• _Task brief_
Set down, character for character, everything in the records below from the line holding "Vestido longo de" down to the line holding "AJ 4 Retro x Kaws 'Grey'", and no other line.

• _Entries shown_
-- Opening Marker --

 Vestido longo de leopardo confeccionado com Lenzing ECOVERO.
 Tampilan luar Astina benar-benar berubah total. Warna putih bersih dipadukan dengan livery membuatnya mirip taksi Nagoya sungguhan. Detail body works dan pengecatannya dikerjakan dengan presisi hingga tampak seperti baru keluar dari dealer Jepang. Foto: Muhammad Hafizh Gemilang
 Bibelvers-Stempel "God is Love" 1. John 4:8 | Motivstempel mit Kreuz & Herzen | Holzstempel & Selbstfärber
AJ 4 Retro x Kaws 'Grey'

-- Closing Marker --
-- Opening Marker --

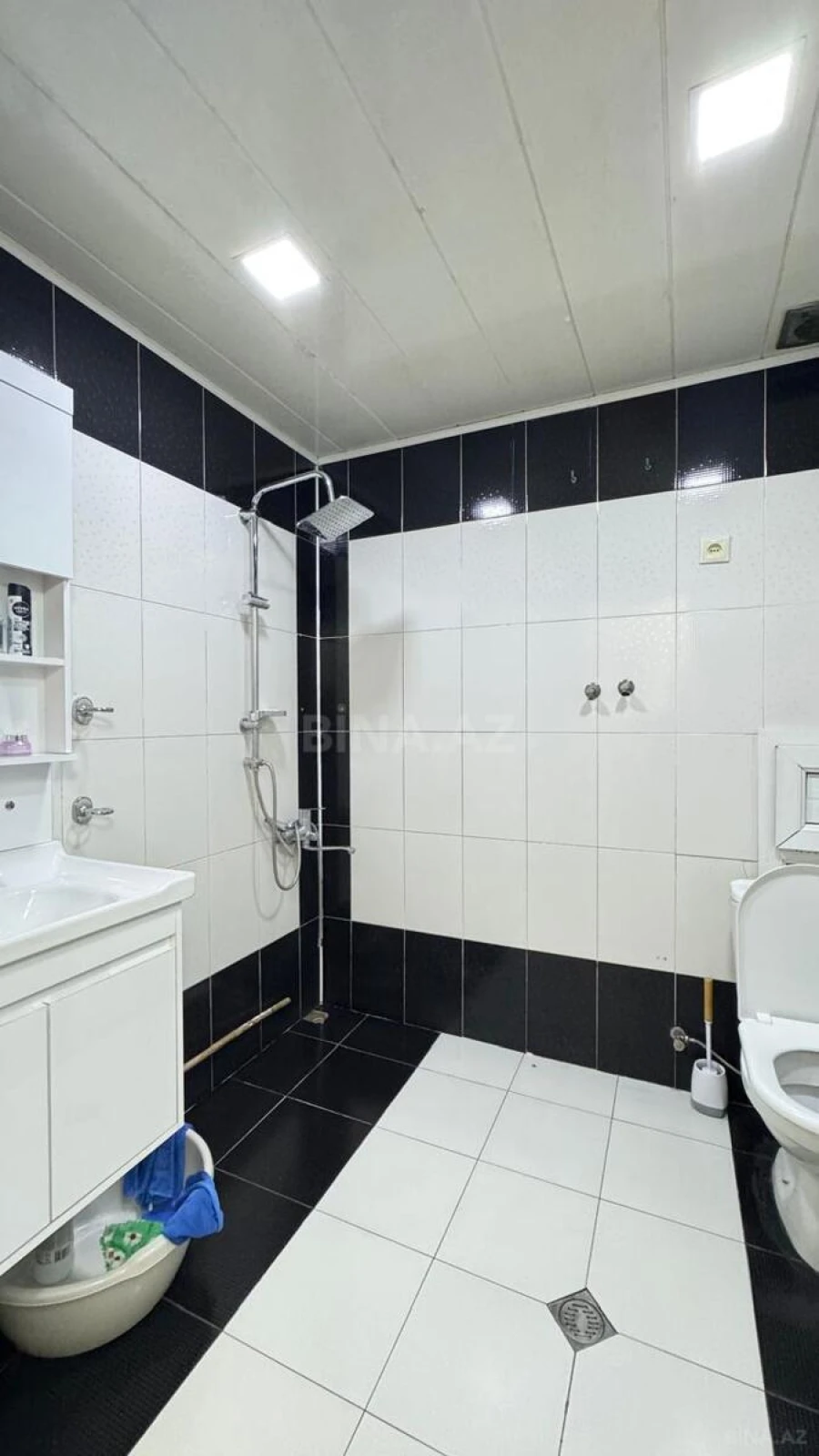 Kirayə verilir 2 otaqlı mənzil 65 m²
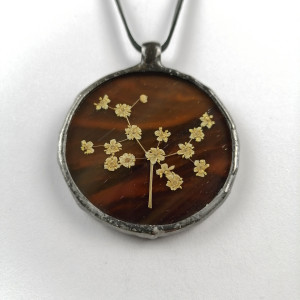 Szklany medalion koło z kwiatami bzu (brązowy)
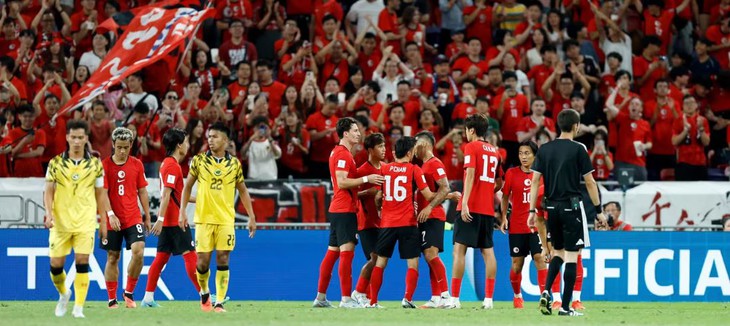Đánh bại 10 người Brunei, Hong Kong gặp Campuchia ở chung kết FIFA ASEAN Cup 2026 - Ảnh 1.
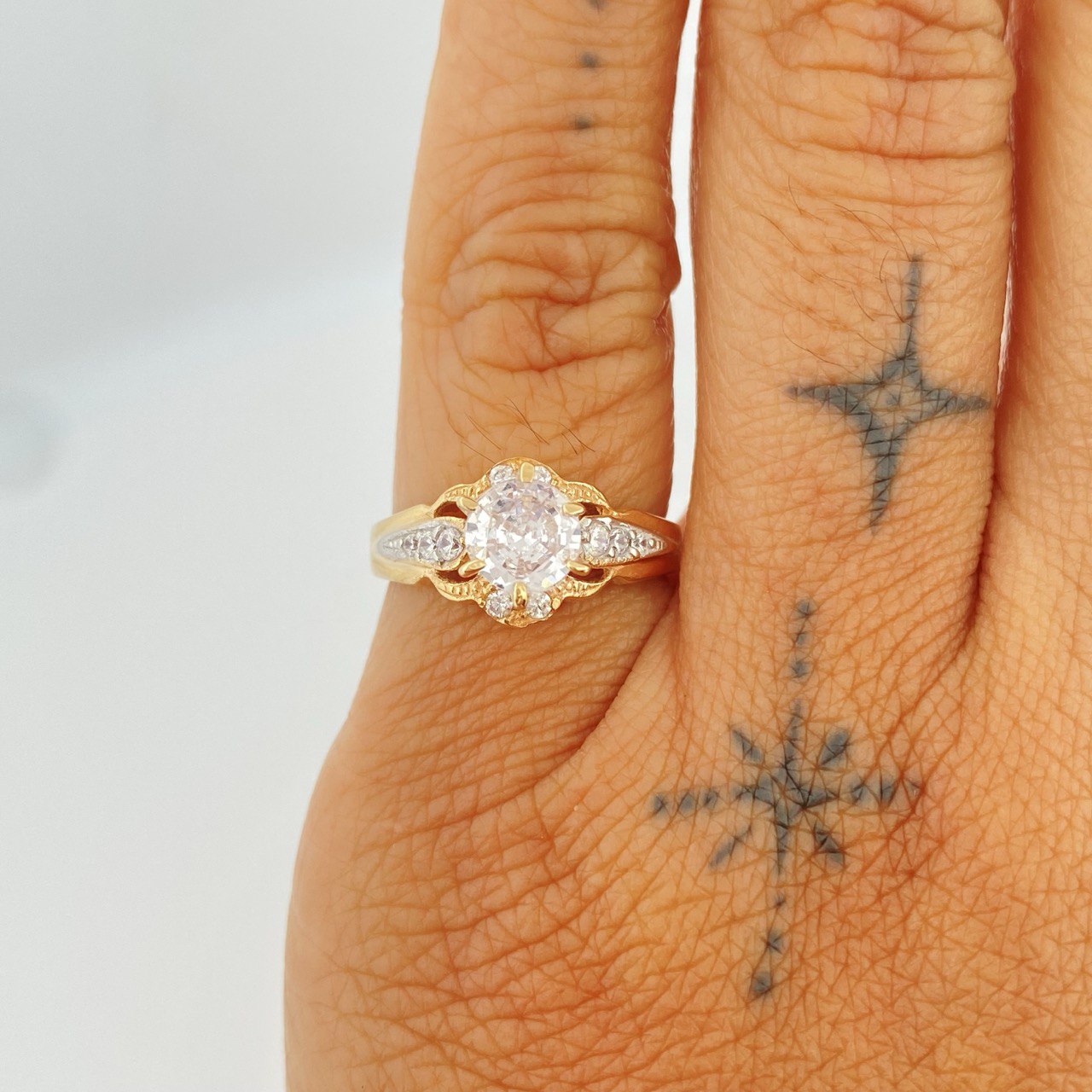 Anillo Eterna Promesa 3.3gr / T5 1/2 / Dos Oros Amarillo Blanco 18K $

-- Closing Marker --

• _The completed task_
 Vestido longo de leopardo confeccionado com Lenzing ECOVERO.
 Tampilan luar Astina benar-benar berubah total. Warna putih bersih dipadukan dengan livery membuatnya mirip taksi Nagoya sungguhan. Detail body works dan pengecatannya dikerjakan dengan presisi hingga tampak seperti baru keluar dari dealer Jepang. Foto: Muhammad Hafizh Gemilang
 Bibelvers-Stempel "God is Love" 1. John 4:8 | Motivstempel mit Kreuz & Herzen | Holzstempel & Selbstfärber
AJ 4 Retro x Kaws 'Grey'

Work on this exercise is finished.